Photo : Jean-Adrien Morandeau

– MOUNDRAG évolue dans un registre très marqué par les 70’s avec, forcément, de l’orgue en cascade et des morceaux progressifs. Cette évasion sonore et musicale que vous proposez, vous ne la retrouviez pas dans la musique d’aujourd’hui ? Ou plus simplement, c’est son intemporalité qui la rend toujours très actuelle, qui vous a séduit ?

Il est vrai que le Rock 70’s n’est pas du tout diffusé par les médias mainstream… Mais pour nous, ce style de musique et les messages des chansons sont toujours d’actualité ! Les problèmes sociaux, religieux ou encore environnementaux sont toujours présents. Le Rock Progressif et psychédélique est notre moyen de dénoncer et de parler des sujets qui nous angoissent… Et franchement, le Rock des années 70, c’est pas le kiff absolu ?

– « Hic Sunt Moundrages », votre premier album, vient tout juste de sortir et il est d’une incroyable fraîcheur et surtout il bénéficie d’une production très live et spontanée. Dans quelles conditions l’avez-vous enregistré, car il est le reflet parfait de vos concerts ?

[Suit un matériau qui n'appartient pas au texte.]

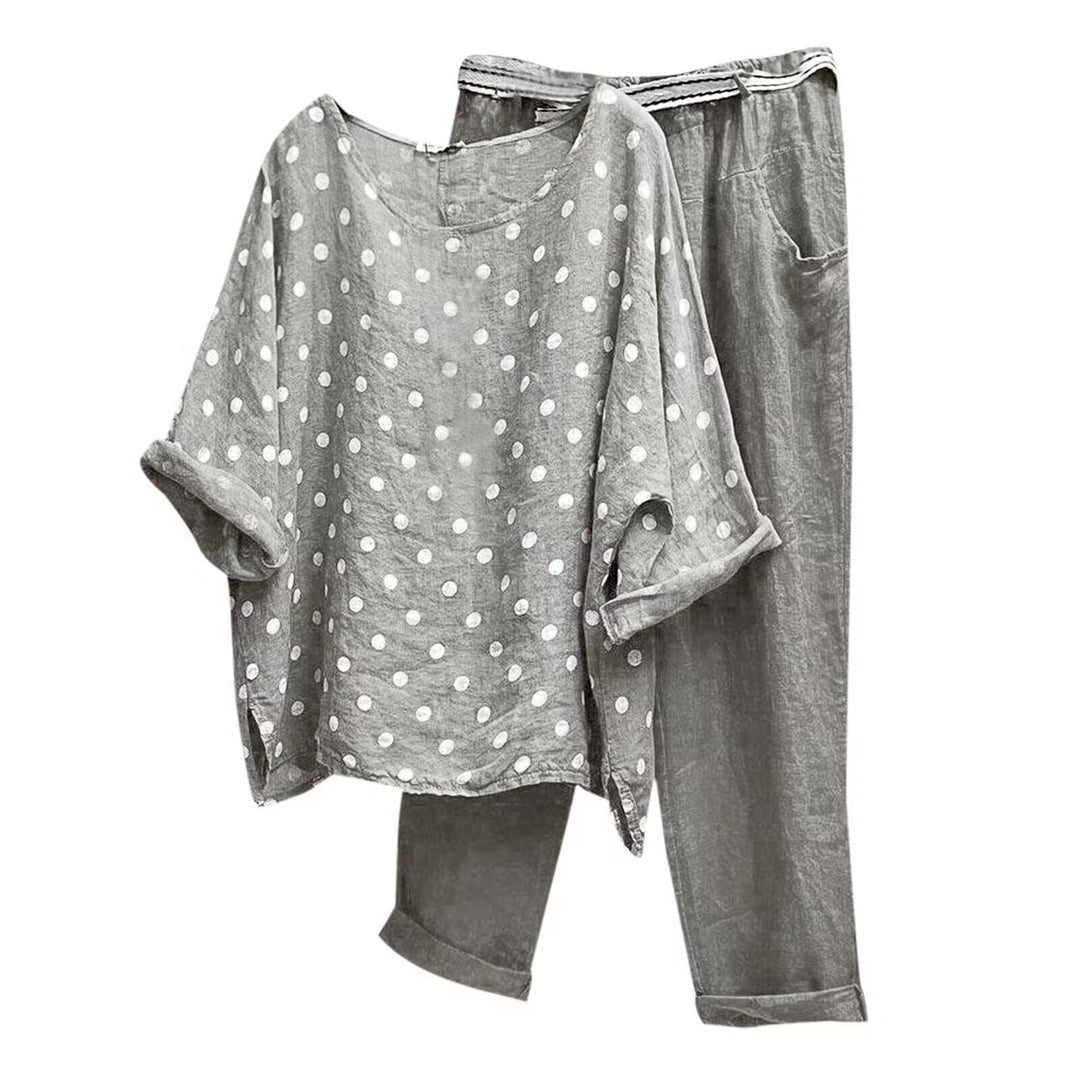 Women's comfortable linen leisure set with loose tunic, polka dot pattern and elastic waistband pants Mune Fashion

Merci beaucoup ! Il a été enregistré en février 2021 dans les studios ZF Prod à côté de Rennes. Nous étions en osmose, perdus dans la campagne et sous la neige pendant dix jours ! Nous avons enregistré les parties rythmiques (basse, batterie, orgue) en live. Nous avons ensuite fait les overdubs des voix et des autres instruments (piano, percussions, mellotron, Moog…). Nous avons fait le choix de ‘surproduire’ ce premier album, car nous aimons différencier le live du studio. Maintenant le challenge, c’est de réarranger les morceaux studio pour le live.

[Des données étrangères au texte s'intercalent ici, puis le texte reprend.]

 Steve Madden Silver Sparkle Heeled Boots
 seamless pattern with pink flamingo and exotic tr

– En vous écoutant, on pense à beaucoup de groupes, mais il dégage de MOUNDRAG beaucoup d’originalité et un souffle que l’on ne retrouve pas souvent dans la musique des 70’s. Votre intention est-elle de ‘dépoussiérer’ un peu un registre, qui peut paraître lointain pour certains ?

Nous aimerions que plus de personnes, et notamment des jeunes, écoutent ce style de musique, c’est pour cela qu’on essaye de rendre le Rock 70’s plus ‘actuel’ avec les codes de la musique d’aujourd’hui. Cela se traduit par une structure musicale, des refrains, des sonorités (parfois) plus actuelles, tout en gardant une énergie et une esthétique 70’s. Nous adorons jouer aux archéologues de la musique. D’ailleurs, « Hic Sunt Moundrages » est rempli de références et d’hommages aux groupes qu’on adore, tout en gardant notre patte de jeunes de 2022.

Photo : Jean-Adrien Morandeau

– Une autre de vos particularités est que vous chantez tous les deux. Comment cela se passe-t-il ? Chacun chante ce qu’il écrit, ou est-ce que vous adaptez vos voix et vos textes aux morceaux ?

Nous avons commencé à chanter sérieusement avec la création de MOUNDRAG, et donc chanter ensemble était la meilleure chose à faire. En unissant nos deux voix, on a réussi à trouver des harmonies comme celles des groupes Folk et Prog des seventies que nous aimons tant. En général, il n’y a pas de règles sur qui chante le lead et qui écrit les textes. On partage nos voix aussi en fonction de ce qui nous rend à l’aise à chanter et surtout pour ne pas laisser l’autre dans la difficulté.

– MOUNDRAG est empreint d’une forte communion entre votre musique et un aspect visuel très présent. Et au-delà des histoires de dragons (que j’adore !), vous abordez aussi des problèmes actuels très forts où se croisent religion et diverses cultures. Iriez-vous jusqu’à dire que vous avez un message à livrer à travers votre musique ?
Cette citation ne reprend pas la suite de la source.